The United Arab Emirates city state saw off competition from Brazil, Russia and Turkey on Wednesday to win the right to host Expo 2020.
It expects the prize will give a welcome boost to an already reviving tourism- and property-based economy.
The government projects the six-month fair will stimulate 25 billion dirhams ($A8 billion) in additional investment and 277,000 new jobs.
It forecasts a boost to gross domestic product of more than 140 billion dirhams, equivalent to around 44 per cent of the 2012 total.
Deutsche Bank said Dubai needs some $US43 billion ($A48 billion) to upgrade its infrastructure, the bulk of which would go into expanding hotels and other leisure facilities, with some $US10 billion more for transport infrastructure.
“The successful Expo bid should act as a catalyst to wider investment growth in Dubai, largely aimed at increasing the capacity of the economy,” said Monica Malik, chief economist at EFG Hermes Emirates investment bank.
Although much of the investment earmarked for the fair was already part of a master development plan, Vision 2020, the win “will add to Dubai’s confidence and fast track implementation”, she said.

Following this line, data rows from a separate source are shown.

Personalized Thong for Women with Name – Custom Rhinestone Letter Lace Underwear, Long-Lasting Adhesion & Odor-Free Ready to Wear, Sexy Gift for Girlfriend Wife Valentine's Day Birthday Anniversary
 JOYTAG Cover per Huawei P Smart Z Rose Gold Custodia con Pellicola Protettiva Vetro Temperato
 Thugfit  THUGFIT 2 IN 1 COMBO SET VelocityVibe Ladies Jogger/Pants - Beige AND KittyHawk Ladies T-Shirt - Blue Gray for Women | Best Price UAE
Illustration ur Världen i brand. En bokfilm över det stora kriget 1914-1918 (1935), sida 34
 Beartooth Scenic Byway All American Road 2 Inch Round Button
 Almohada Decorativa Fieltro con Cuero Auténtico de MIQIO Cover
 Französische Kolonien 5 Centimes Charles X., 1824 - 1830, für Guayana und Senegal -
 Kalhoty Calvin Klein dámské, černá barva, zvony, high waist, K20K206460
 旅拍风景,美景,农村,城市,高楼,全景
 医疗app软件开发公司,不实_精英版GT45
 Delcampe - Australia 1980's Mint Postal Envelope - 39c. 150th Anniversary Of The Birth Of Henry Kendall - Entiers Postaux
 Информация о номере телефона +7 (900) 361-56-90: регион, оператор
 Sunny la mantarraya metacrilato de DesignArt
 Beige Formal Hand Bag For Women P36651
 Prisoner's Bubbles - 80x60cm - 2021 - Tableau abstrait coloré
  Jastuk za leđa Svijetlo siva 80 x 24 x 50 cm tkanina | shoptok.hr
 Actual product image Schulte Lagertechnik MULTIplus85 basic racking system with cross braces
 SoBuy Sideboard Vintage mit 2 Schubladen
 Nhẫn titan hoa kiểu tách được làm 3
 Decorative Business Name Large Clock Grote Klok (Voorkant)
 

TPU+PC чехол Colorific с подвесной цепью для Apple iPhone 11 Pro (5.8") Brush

GDP growth is now expected to increase to between 5.5 per cent and six per cent in 2014, compared with 4.9 per cent in the first half of this year.
Dubai’s economy, which unlike all other Gulf states has no oil revenues to depend on, grew 2.8 per cent in 2010, 3.7 per cent in 2011, and 4.4 per cent in 2012, as its core sectors recovered following the 2008 crisis.
The once-battered property market, which shed more than half of its peak value following the crisis, has bounced into recovery over the past year, and rents have also surged.